— BRIEF —
With the images removed, return every line below exactly as it reads.

— THE DATA —
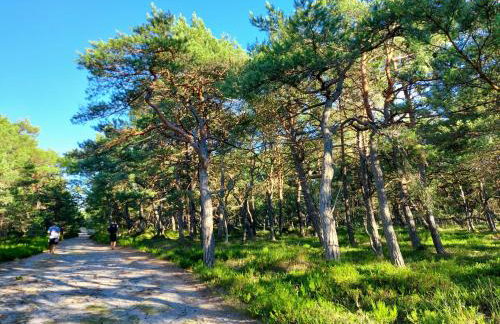 Greyówka dom kryty strzechą w Gardna Park - Foto 26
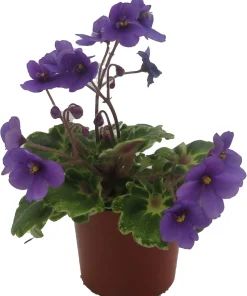Biscayne Trail Micro Miniature African Violet Live Plant - 2.5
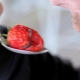 Welche Würmer können in Erdbeeren enthalten sein und wie wird man sie los?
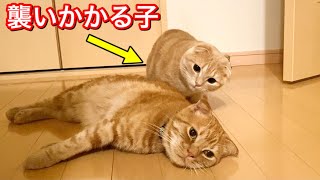 どうしても遊んで欲しくて兄猫に襲いかかる短足猫がこちら…w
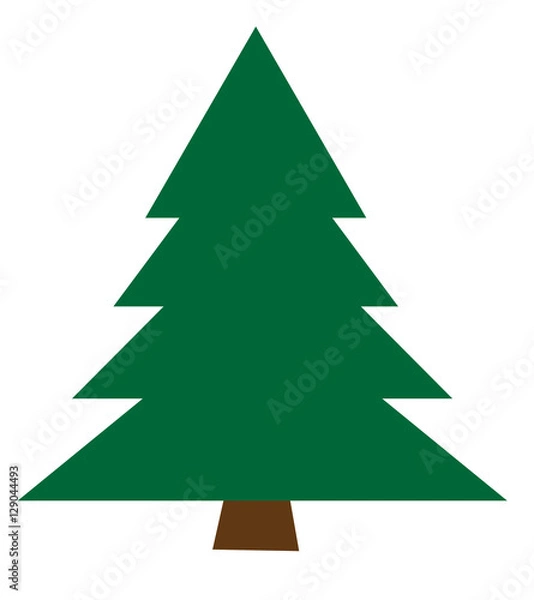 Obraz Fir Tree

— ANSWER BOX —
 Greyówka dom kryty strzechą w Gardna Park - Foto 26
Biscayne Trail Micro Miniature African Violet Live Plant - 2.5
 Welche Würmer können in Erdbeeren enthalten sein und wie wird man sie los?
 どうしても遊んで欲しくて兄猫に襲いかかる短足猫がこちら…w
 Obraz Fir Tree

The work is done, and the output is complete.